EXERCISE DETAILS:
Beginning at the line containing "Grilled chicken with potatoes and peas, close up.", repeat each line below exactly up to and including the line containing "woman walking in the woods". Do not repeat the pictures.

SOURCE MATERIAL:
== == ==
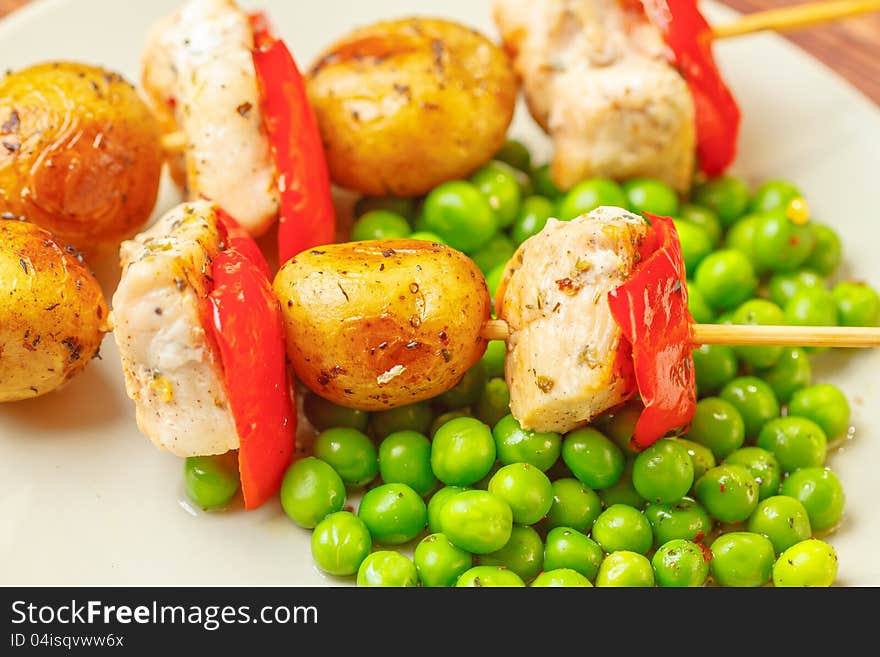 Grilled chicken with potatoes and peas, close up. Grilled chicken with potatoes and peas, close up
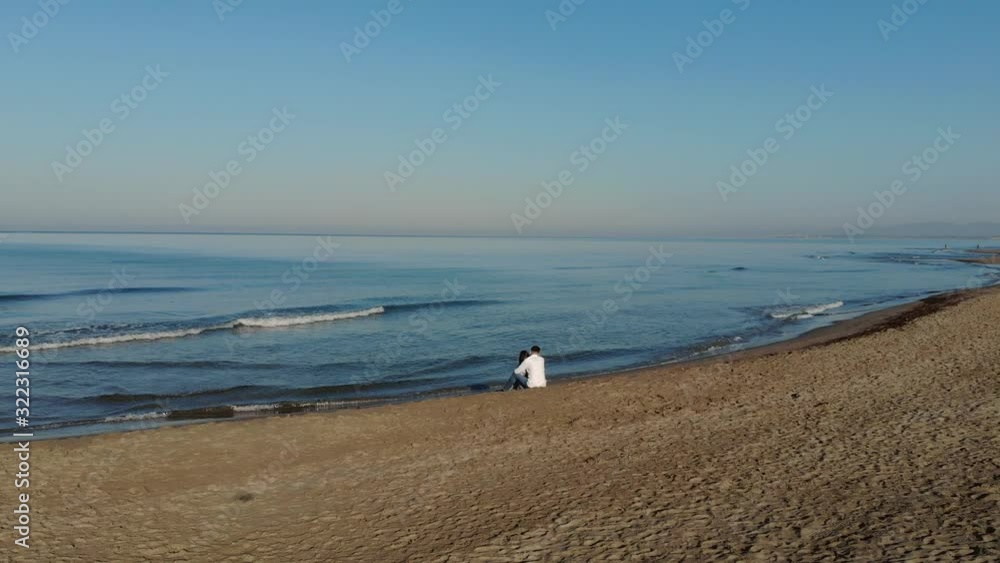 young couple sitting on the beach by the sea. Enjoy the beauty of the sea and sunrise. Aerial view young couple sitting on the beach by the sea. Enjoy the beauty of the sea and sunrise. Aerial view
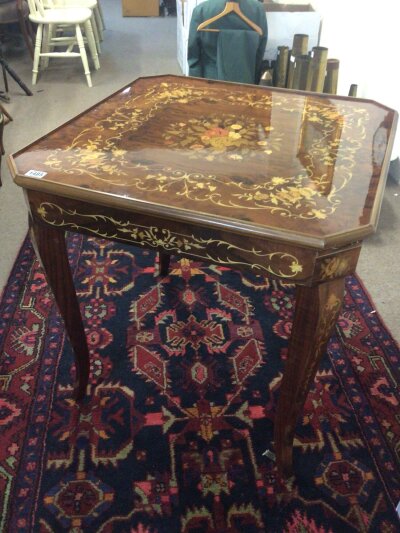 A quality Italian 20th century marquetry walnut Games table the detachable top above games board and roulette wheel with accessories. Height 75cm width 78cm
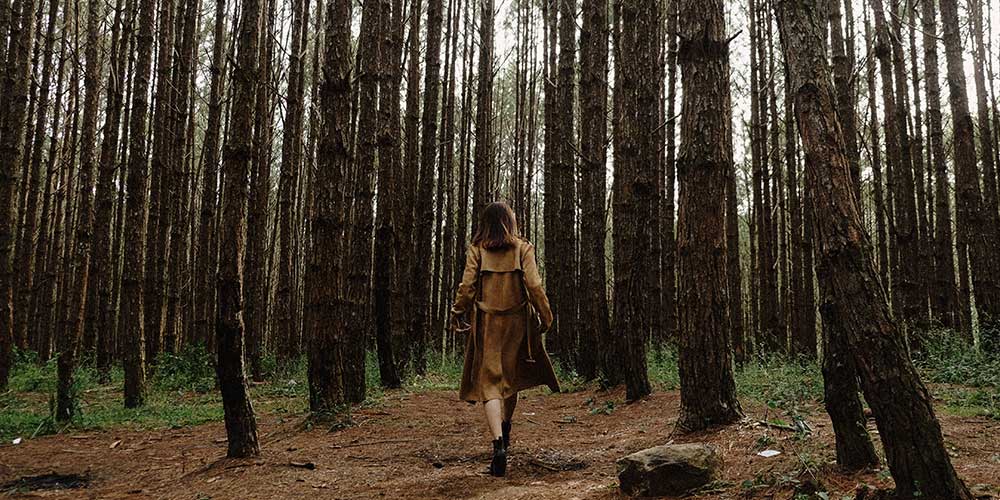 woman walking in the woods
== == ==
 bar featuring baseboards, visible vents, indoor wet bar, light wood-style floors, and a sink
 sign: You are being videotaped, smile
== == ==
EXERCISE OUTPUT:
 Grilled chicken with potatoes and peas, close up. Grilled chicken with potatoes and peas, close up
 young couple sitting on the beach by the sea. Enjoy the beauty of the sea and sunrise. Aerial view young couple sitting on the beach by the sea. Enjoy the beauty of the sea and sunrise. Aerial view
 A quality Italian 20th century marquetry walnut Games table the detachable top above games board and roulette wheel with accessories. Height 75cm width 78cm
 woman walking in the woods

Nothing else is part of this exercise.